Reconfigured global supply chains started shifting tech products again, with container rates dropping but market demand had been strangled as financing costs for distributors had gone up along with mortgage payment rises chewing up consumers’ disposable incomes.
Not that the tech sector was short on cash. Several big mergers and acquisitions, the size of the GDP of small countries took place. Microsoft completed the buy of Call of Duty developer Activision Blizzard, and infrastructure companies Broadcom and VMware amazingly got regulatory approval worldwide to grow even bigger and more dominant.
Watch that space next year, as those hundreds of billions of dollars spent have to be recouped somehow. It’s a safe bet that 2024 will bring bad news for customers. Already, Broadcom has killed off perpetual user licences for VMware customers who are now looking at subscriptions only.
Something had to give in that scenario, so chief executives put the squeeze on workers with waves of redundancies in which tens of thousands of people were let go. Big names with trillion-dollar market capitalisations like Microsoft and Amazon have jettisoned techies.
There have been local job losses too, with Xero receiving a share market fillip for culling 15 per cent of its workforce. We’ll see if the tech job market downsizing continues next year, what with artificial intelligence coming onstream, but maybe the industry “peak bodies” could dial down the volume of skills shortage media releases for the next bit of time?

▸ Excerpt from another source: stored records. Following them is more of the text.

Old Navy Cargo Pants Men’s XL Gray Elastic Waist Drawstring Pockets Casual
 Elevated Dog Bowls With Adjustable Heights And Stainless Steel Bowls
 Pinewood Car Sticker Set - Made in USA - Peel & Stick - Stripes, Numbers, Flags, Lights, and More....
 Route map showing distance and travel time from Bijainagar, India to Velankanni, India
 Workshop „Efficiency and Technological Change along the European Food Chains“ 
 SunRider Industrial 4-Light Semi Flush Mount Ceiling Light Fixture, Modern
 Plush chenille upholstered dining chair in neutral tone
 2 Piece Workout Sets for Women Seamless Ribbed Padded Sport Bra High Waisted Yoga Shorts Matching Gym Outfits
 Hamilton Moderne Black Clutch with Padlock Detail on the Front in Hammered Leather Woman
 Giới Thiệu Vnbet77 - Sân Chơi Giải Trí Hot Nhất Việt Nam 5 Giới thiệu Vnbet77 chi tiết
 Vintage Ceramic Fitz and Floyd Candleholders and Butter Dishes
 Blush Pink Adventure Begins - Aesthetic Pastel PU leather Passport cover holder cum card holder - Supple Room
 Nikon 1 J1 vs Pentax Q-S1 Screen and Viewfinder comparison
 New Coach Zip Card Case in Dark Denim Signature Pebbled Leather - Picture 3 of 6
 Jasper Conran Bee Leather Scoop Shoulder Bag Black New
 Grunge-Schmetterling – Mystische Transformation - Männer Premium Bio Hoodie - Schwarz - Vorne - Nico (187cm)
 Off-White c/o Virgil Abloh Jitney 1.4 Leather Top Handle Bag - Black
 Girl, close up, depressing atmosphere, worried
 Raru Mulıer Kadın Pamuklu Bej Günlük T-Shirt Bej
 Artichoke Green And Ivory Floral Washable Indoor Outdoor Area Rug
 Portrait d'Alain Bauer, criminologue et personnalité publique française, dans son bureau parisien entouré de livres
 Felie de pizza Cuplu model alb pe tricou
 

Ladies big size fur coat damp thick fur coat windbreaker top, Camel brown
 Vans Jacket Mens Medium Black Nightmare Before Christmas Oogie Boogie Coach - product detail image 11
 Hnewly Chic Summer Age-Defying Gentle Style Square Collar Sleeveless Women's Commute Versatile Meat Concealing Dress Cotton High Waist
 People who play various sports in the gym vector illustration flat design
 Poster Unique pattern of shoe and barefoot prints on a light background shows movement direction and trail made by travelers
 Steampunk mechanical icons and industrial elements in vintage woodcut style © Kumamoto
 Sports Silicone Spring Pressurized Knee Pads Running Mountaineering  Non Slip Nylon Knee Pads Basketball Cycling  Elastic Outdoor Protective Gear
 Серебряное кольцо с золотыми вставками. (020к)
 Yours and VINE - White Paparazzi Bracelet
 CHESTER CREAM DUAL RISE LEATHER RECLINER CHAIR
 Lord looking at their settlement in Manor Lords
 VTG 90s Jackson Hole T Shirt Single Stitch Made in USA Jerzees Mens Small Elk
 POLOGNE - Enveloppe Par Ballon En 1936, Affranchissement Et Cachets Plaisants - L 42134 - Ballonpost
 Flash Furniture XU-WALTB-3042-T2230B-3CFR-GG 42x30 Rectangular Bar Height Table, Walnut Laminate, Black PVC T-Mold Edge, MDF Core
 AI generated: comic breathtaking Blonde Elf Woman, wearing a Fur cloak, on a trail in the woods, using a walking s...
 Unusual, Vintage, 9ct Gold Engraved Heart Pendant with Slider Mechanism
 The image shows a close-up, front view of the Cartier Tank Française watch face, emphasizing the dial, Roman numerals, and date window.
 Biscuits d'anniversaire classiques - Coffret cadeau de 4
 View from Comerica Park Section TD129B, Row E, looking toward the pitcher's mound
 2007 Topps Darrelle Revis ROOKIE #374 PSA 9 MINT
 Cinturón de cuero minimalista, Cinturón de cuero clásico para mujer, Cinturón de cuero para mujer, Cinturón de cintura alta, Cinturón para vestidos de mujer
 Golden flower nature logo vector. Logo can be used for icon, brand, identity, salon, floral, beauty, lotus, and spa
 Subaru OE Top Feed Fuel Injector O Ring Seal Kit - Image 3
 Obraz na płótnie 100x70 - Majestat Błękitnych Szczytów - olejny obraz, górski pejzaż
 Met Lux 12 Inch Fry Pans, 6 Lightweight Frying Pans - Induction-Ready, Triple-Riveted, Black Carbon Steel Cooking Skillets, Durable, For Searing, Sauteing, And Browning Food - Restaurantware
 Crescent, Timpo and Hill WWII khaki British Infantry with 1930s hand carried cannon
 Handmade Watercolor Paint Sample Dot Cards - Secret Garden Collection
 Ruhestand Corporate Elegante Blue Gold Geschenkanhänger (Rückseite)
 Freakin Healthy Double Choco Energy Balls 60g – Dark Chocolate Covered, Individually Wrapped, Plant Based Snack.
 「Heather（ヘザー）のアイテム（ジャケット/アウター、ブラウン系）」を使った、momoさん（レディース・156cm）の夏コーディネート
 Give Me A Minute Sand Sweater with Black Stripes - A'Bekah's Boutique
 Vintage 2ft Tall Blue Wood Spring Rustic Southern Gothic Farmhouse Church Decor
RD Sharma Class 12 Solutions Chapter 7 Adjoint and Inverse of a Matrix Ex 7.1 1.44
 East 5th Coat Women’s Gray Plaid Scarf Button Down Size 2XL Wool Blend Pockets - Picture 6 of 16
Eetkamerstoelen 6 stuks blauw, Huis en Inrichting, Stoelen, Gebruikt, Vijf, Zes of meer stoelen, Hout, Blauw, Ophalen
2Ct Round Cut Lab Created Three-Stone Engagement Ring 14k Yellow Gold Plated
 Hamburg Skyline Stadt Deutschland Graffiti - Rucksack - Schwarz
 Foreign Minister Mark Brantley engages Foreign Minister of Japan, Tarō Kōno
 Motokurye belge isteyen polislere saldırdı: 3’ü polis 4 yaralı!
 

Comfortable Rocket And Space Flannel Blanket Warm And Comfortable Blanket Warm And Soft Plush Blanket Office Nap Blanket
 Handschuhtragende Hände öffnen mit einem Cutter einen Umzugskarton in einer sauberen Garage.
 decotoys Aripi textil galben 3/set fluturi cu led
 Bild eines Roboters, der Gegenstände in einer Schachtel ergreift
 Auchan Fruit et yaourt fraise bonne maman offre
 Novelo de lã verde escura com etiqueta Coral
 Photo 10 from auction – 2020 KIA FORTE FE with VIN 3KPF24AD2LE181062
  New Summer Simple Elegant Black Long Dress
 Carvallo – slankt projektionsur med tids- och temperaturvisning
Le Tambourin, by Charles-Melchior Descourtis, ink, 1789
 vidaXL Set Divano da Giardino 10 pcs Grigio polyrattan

If you’re comparing the huge amount of money that’s still being spent on mergers and acquisitions despite weak economic conditions with companies cutting costs by laying off workers and scratching your head, you’re not alone. Add to that, tech-adjacent businesses like WeWork finally filing for bankruptcy this year, after burning through billions of dollars, and bald patches will appear on many people’s pates as the scratching intensifies.
We can’t talk about bankruptcies without mentioning the spectacularly failed cryptocurrency exchange FTX. This year Sam Bankman-Fried, who founded FTX, was found guilty on all seven charges of fraud, to the tune of US$8 billion.
Prior to that, the other key executives of FTX had pleaded guilty to fraud, and “SBF” himself faces a second trial in March next year, while awaiting sentencing for his first case which could bring decades in prison for him.
FTX’s fraudulent failure dragged the American Silvergate and Signature banks with it, and those collapses were large. Signature Bank was the third-largest such failure in United States history.
Despite that reports in August suggested that FTX would restart cryptocurrency offerings, after bankruptcy restructuring the exchange’s token is still being traded. Mindblowing, really.
Intimately linked to Bankman-Fried is Changpeng Zhao or CZ, founder of the biggest cryptocurrency exchange in the world, Binance, which operates in New Zealand as well.
CZ pleaded guilty to US criminal charges, and was fined US$50 million in November. He had to resign as the Binance chief executive with the exchange itself copping a whopping US$4.3 billion in fines.
All is going as expected in crypto-land in other words. Amazingly enough, crypto looks set to carry on next year, and that includes the silly non-fungible token (NFT) speculation in Bored Apes and what have you, with regular scams and rug-pulls.
Next year might also tell us if artificial intelligence is a huge exuberant bubble, or The Next Big Thing that will cause major restructuring of the IT industry. Neither of those options will be painless but if the former happens, it’ll be time to grab your ankles for sure as the tech industry is totally over-invested in AI currently.
Don’t get me wrong - AI can do genuinely useful stuff like tirelessly finding valuable patterns in vast amounts of data. This is what computers are good at after all. However, AI going beyond being a tool and displacing the workers that it has learned task and process completion from could be a poisoned chalice for all of us.
Think of it as dramatically devaluing entire chains of production all the way to output, without necessarily getting better quality, just something good enough. What happens then? Next year, we’ll continue to faff around with AI and find out.